WHAT YOU WILL DO: Please set down the data again exactly, minus the pictures.

INFORMATION PROVIDED:
▬▬▬
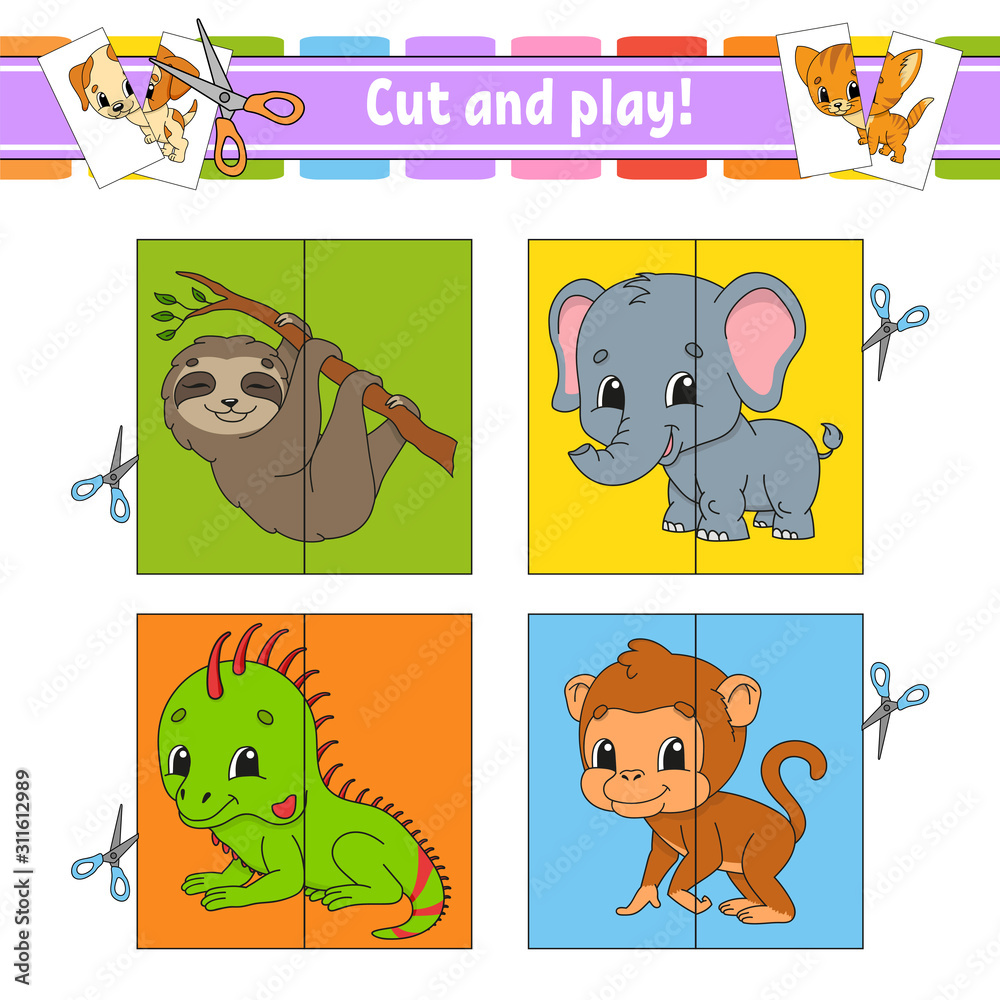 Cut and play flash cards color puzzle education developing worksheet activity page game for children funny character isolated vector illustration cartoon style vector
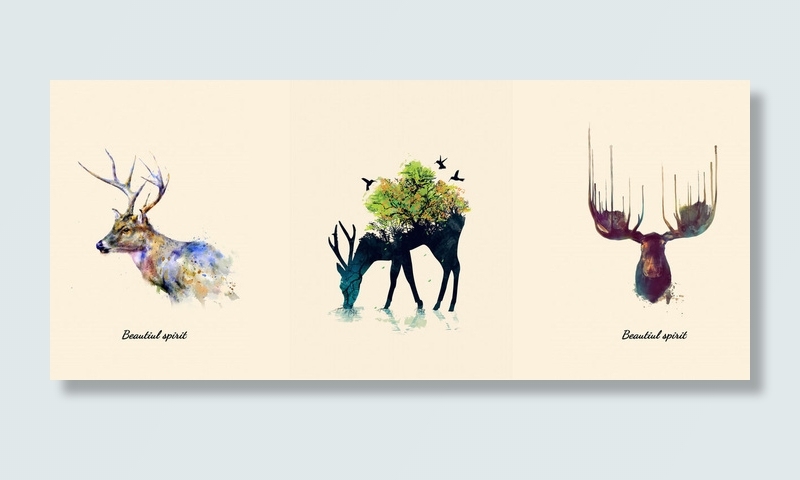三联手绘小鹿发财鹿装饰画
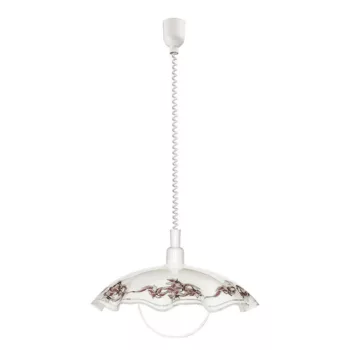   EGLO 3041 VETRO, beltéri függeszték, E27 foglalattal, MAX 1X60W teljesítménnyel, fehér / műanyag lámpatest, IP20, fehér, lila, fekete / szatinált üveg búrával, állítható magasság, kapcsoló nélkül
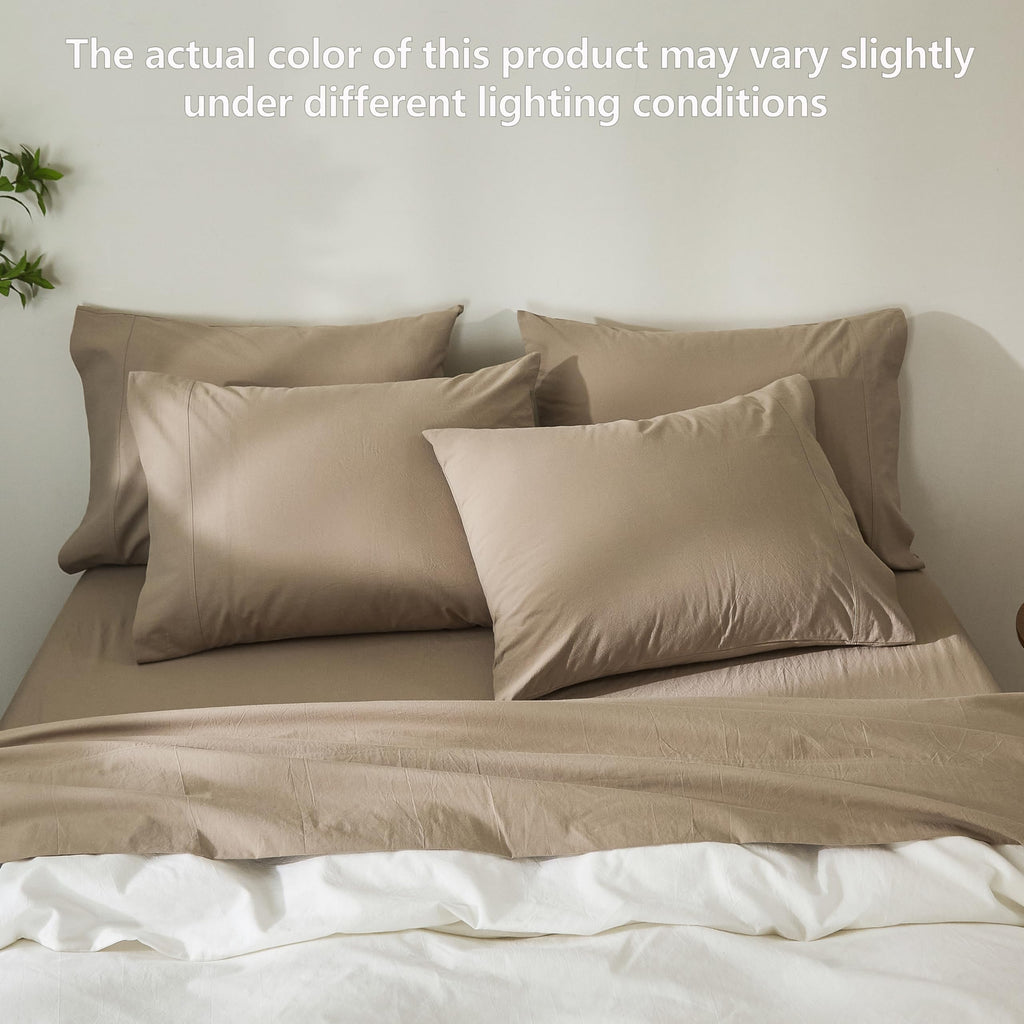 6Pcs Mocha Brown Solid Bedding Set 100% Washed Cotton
▬▬▬
RESPONSE:
 Cut and play flash cards color puzzle education developing worksheet activity page game for children funny character isolated vector illustration cartoon style vector
三联手绘小鹿发财鹿装饰画
   EGLO 3041 VETRO, beltéri függeszték, E27 foglalattal, MAX 1X60W teljesítménnyel, fehér / műanyag lámpatest, IP20, fehér, lila, fekete / szatinált üveg búrával, állítható magasság, kapcsoló nélkül
 6Pcs Mocha Brown Solid Bedding Set 100% Washed Cotton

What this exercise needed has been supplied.